Xi Jinping won't bring radical change to China

Professor Qing Wang says China’s new leader has a lot of emerging political and social problems to deal with, but he will not make radical changes to the country. She will be speaking on BBC Radio Scotland's breakfast show at 930am on Saturday 17 November. You can hear Professor Wang here at about 1hr 38.

Xi Jinping was anointed as the new leader of the Communist Party of China and named chairman of the party’s military commission on Thursday, handing him a strong mandate to rule the world’s most populous country for the next decade.

Professor Wang, who has advised the Chinese Government on how to stimulate their domestic consumption, is visiting professor at Tsinghua University where Xi once graduated from, says the changing demographics put greater pressure on the Government to justify the legitimacy of the one party system in terms of its ability to represent an increasingly diverse and potentially conflicting range of interests.

“China is very different economically and politically now than it was 10 years ago” says Wang, who is Professor of Marketing and Innovation at Warwick Business School and Director of MICEE (Marketing, Innovation and the Chinese and Emerging Economy).

“The new generation of leaders have to be able to communicate with the different stakeholders in the country more than they could ever before."

Professor Wang believes that though Xi will be a reformist compared to his predecessor Hu Jintao’s conservative leadership style, he will not be the person who instigates the process of democracy in China.

“Democratic-style elections have begun to happen at grassroots level, but I don’t think Xi will do anything radical,” says Professor Wang. “He will continue the Communist Party’s focus on stability and growing the economy, as he will want to show he has the ability to build on the past. The goal that unites everybody in China is still economical; that is to take the top spot in GDP in the world.

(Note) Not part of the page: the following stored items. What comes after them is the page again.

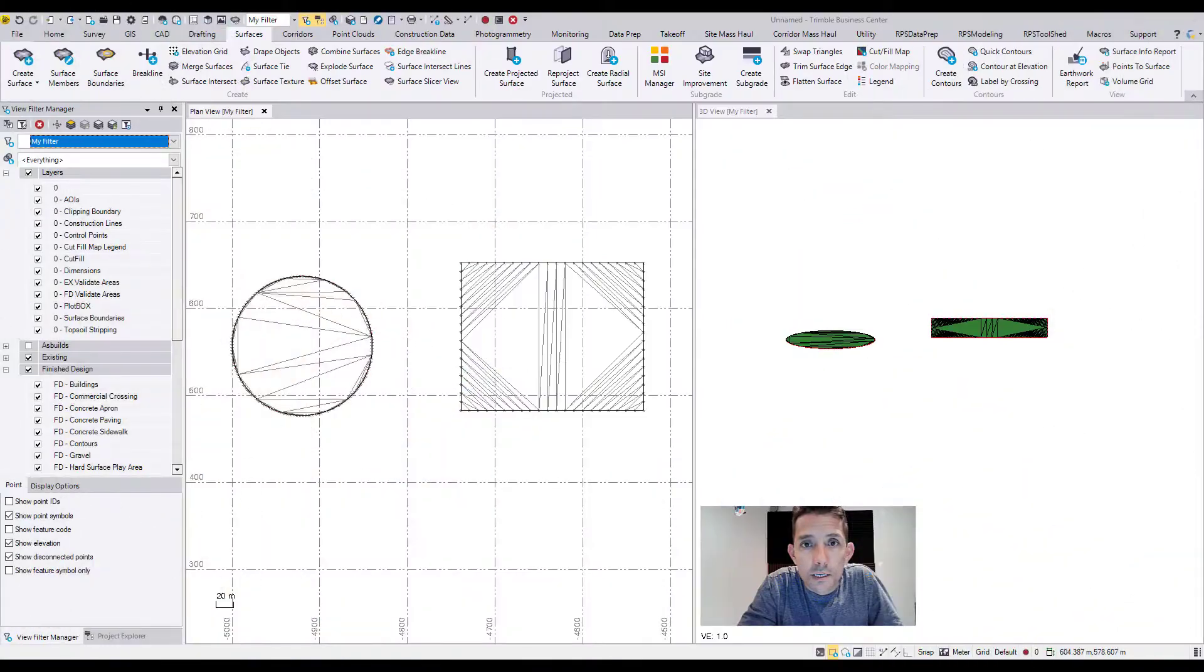Hi guys, welcome back to our channel. Today I want to talk about merging surfaces with creating a slope between them. That was a question posted on one of our other videos. Well, let's get right to it.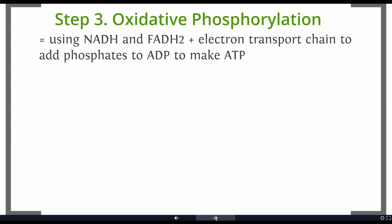Specifically, we're going to take those loaded taxi cabs that are full of hydrogens and electrons, along with the electron transport chain, to run a little machine that adds phosphates to ADP to make ATP.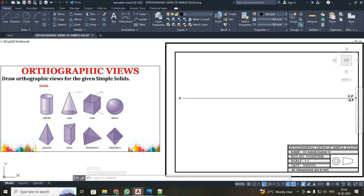Dear students, now we are going to discuss about how to draw an orthographic view of simple solids. Here I have taken a few solids as examples. For all the solids, the base dimension will be 50 and the height will be 50.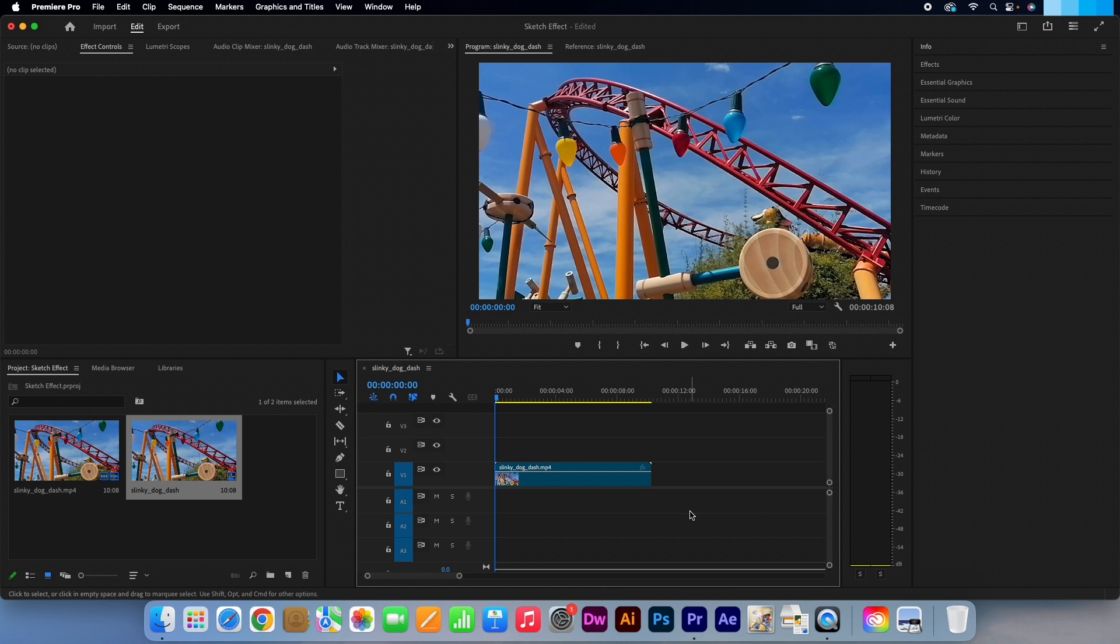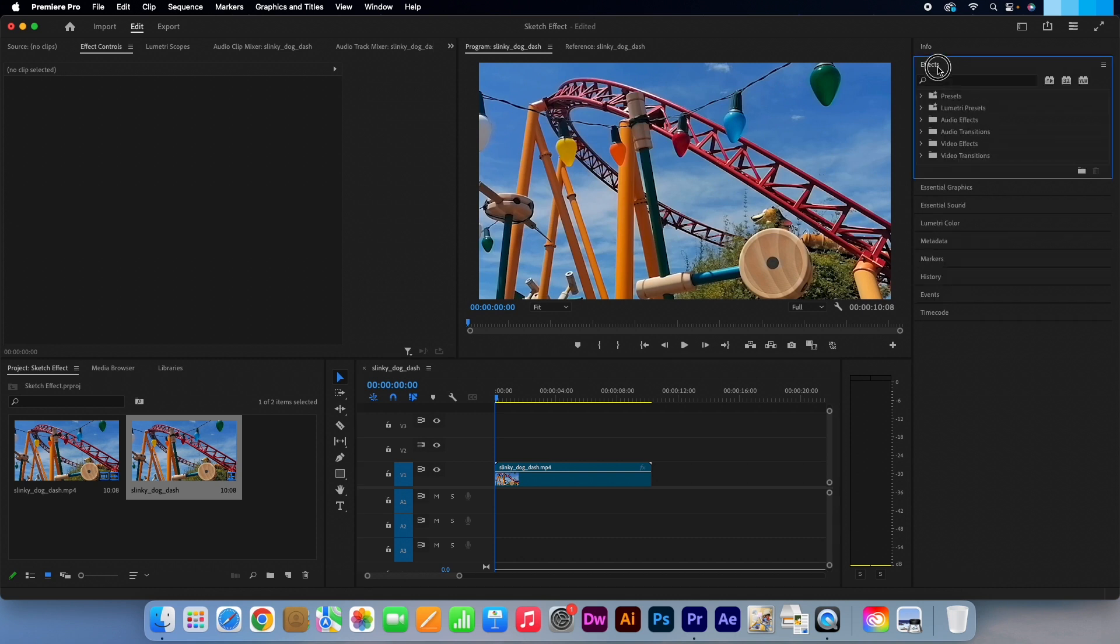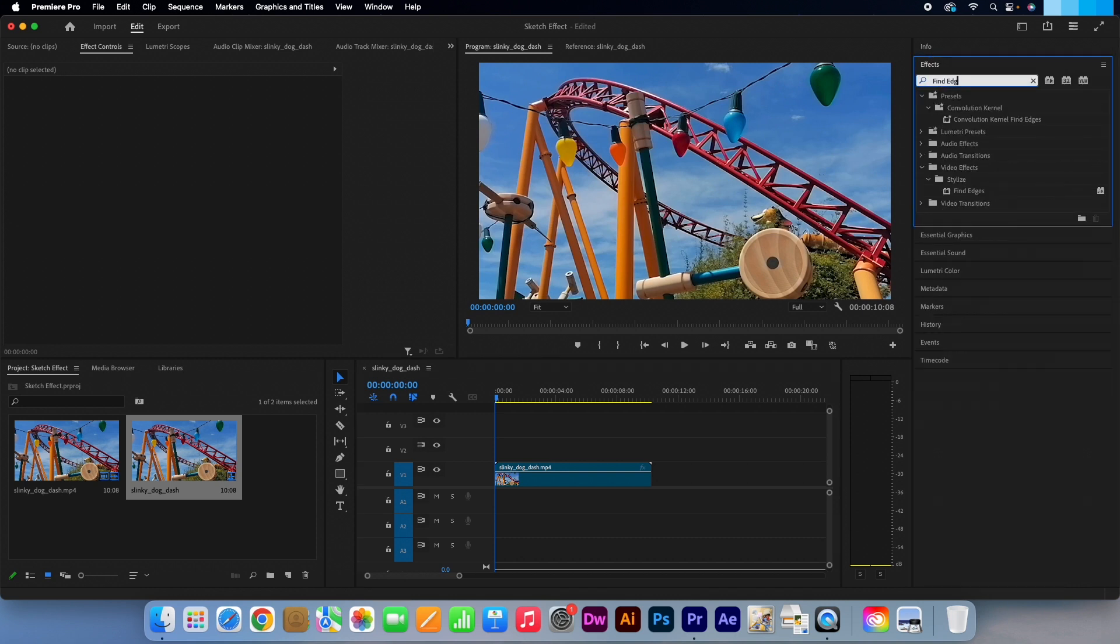Okay, so I have my video ready. Go to the effects panel and in the search box, type in find edges. Drag the effect straight onto your video clip.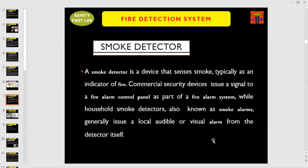After discussing heat detector, let us discuss now what is the function of a smoke detector. A smoke detector is a device that senses smoke, typically as an indicator of fire. Commercial security devices issue a signal to a fire alarm control panel as part of a fire alarm system, while household smoke detectors, also known as smoke alarms, generally issue a local audible or visual alarm from the detector itself.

“A recent McKinsey report predicted that this will happen in the 2020s. However, the new leader is facing many difficult domestic challenges ahead as China is entering a new economic and political era.

“With its GDP now standing at US$7.3 Trillion, which is five times more than 10 years ago, it is now ranked second just behind the US. Ten years ago it was sixth behind not only the US, but Japan, Germany, UK, and France. Its GDP per capita has also increased five times from US$1,000 to US$5,500.

“What these figures mean is that the country’s vast supply of cheap labour is fast disappearing and so is the country’s cost advantage.

“In the meantime, the country’s middle class and urban population is rapidly growing and they demand high quality, premium products and services. The export-led model of development is no longer viable. As recent figures show, 9.5 per cent of China’s GDP growth in 2011 came from domestic demand and only 0.8 per cent came from net exports.

“The Government needs to start a new round of policy reforms ranging from fiscal, monetary to industrial restructuring to stimulate domestic private consumption and shift its focus to high value added and knowledge intensive industries. For example, the government has recently raised the threshold of personal income tax to increase disposable income among China’s middle and lower income groups and has set an inflation rate of four per cent for this year.

“There is also an increase in the poverty gap between the very rich and the very poor. The new leadership is in urgent need to establish an adequate social welfare system and financial services industry as well as build a clean government and fight corruption.

“While the Chinese Communist Party created an economic miracle, at the same time they also destroyed old safety nets for many workers under the planned economy. When the economy was growing at double digit in the past two decades, the problem was not as acute as when the economy is slowing down as it is now. The new leaders now have to face up to these problems, which the old leaders managed to avoid.”